_INFORMATION SHOWN_
==========

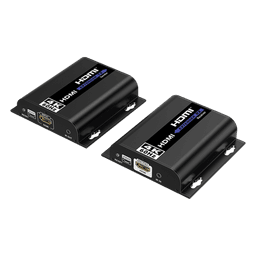 Extensor HDMI IP / 4K @60Hz / 120 m (393.7 ft) / Cat 6 / HDR10 / 18 Gbps / IR Bidireccional / Aluminio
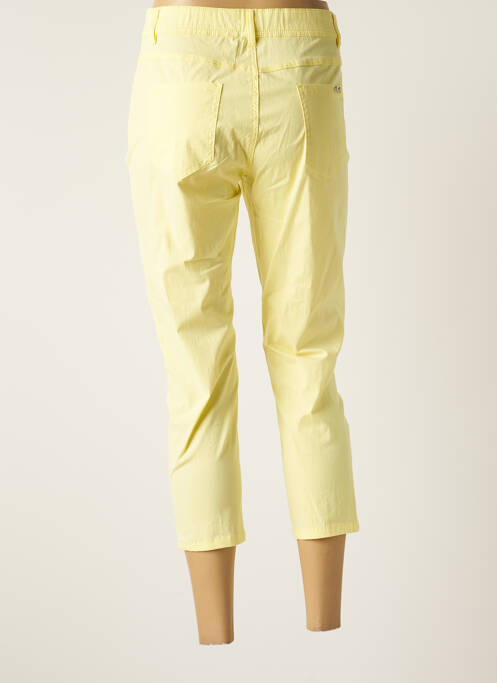 Pantacourt stretch taille normale jaune TELMAIL femme
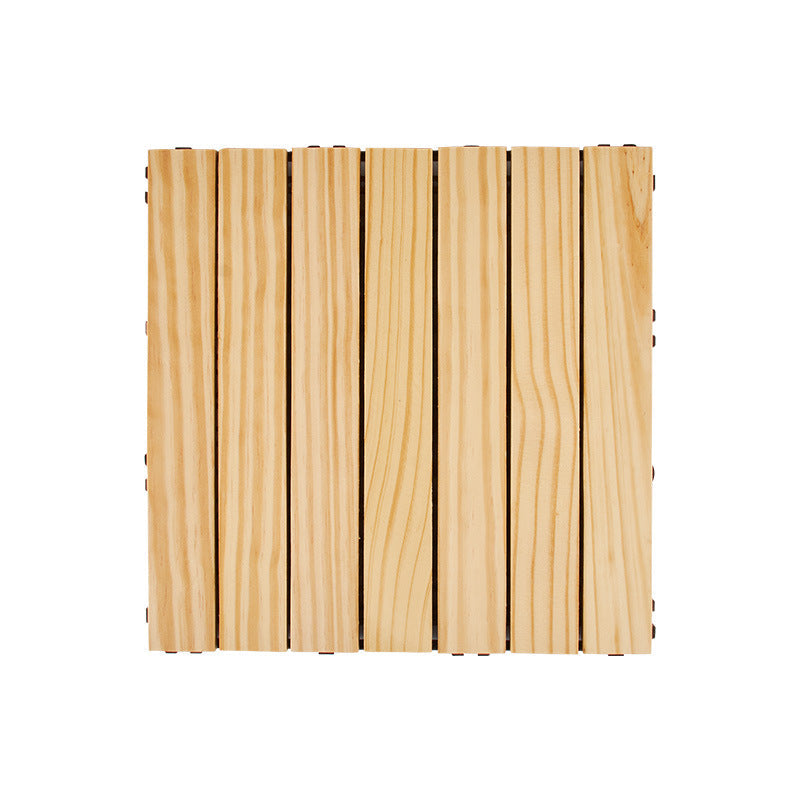 Avtoit | 7-Slat Square Wood Terrace Tiles Laying Pattern Outdoor Terrace Tiles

==========

_PROMPT_
Output the data above exactly; pictures do not belong in the copy.

_RESPONSE TO THIS TASK_
 Extensor HDMI IP / 4K @60Hz / 120 m (393.7 ft) / Cat 6 / HDR10 / 18 Gbps / IR Bidireccional / Aluminio
 Pantacourt stretch taille normale jaune TELMAIL femme
 Avtoit | 7-Slat Square Wood Terrace Tiles Laying Pattern Outdoor Terrace Tiles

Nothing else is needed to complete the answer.